● **PROBLEM DETAILS**: The listing below should be printed exactly, every line of it. Skip the pictures.

● **DATA**:
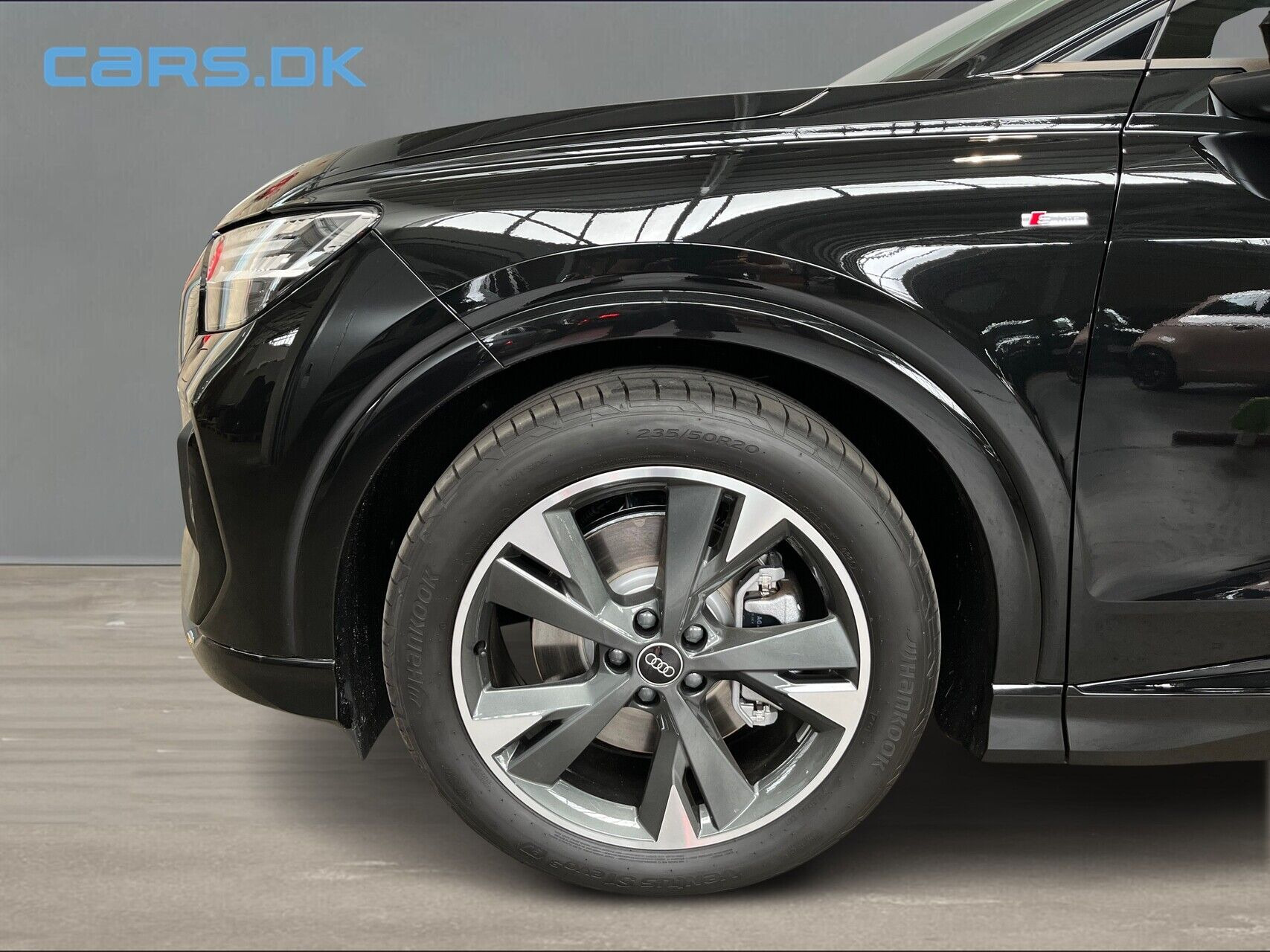 Sort Audi Q4 fra 2026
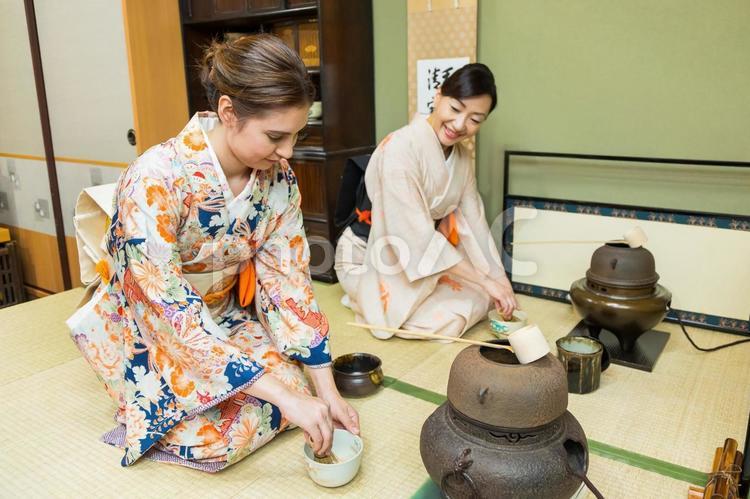 インバウンドツーリスト　文化体験　茶道　 インバウンド,インバウンドツーリスト,観光の写真素材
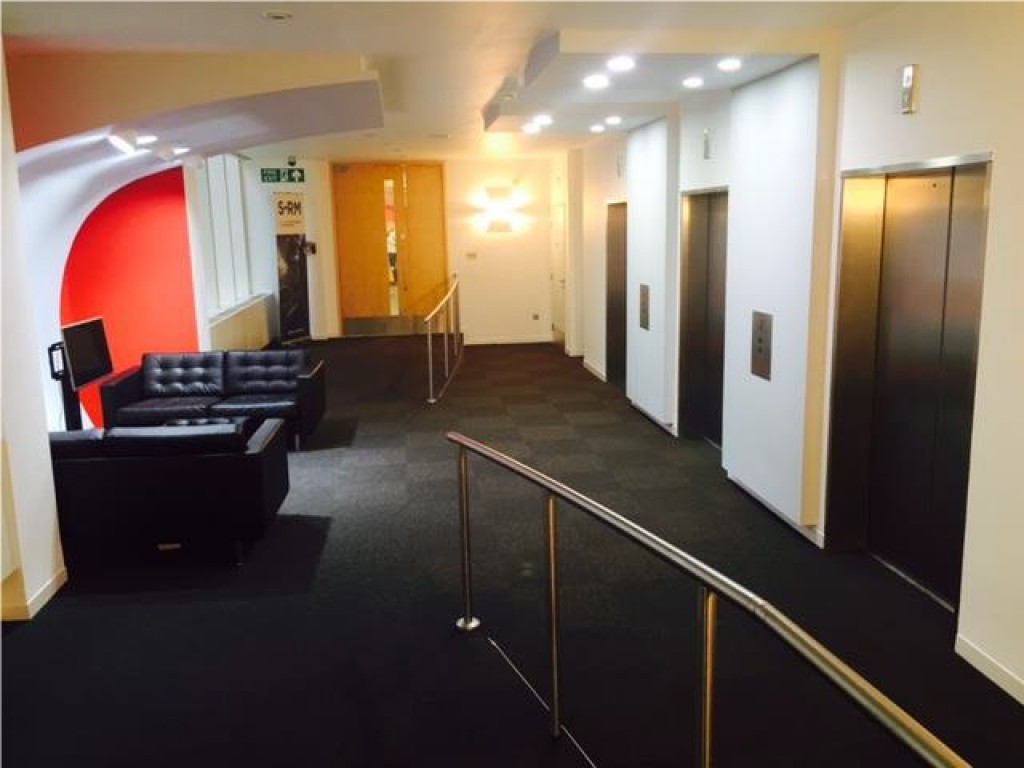 Swan Lane, Monument, EC4R 3AD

● **ANSWER SECTION**:
 Sort Audi Q4 fra 2026
 インバウンドツーリスト　文化体験　茶道　 インバウンド,インバウンドツーリスト,観光の写真素材
 Swan Lane, Monument, EC4R 3AD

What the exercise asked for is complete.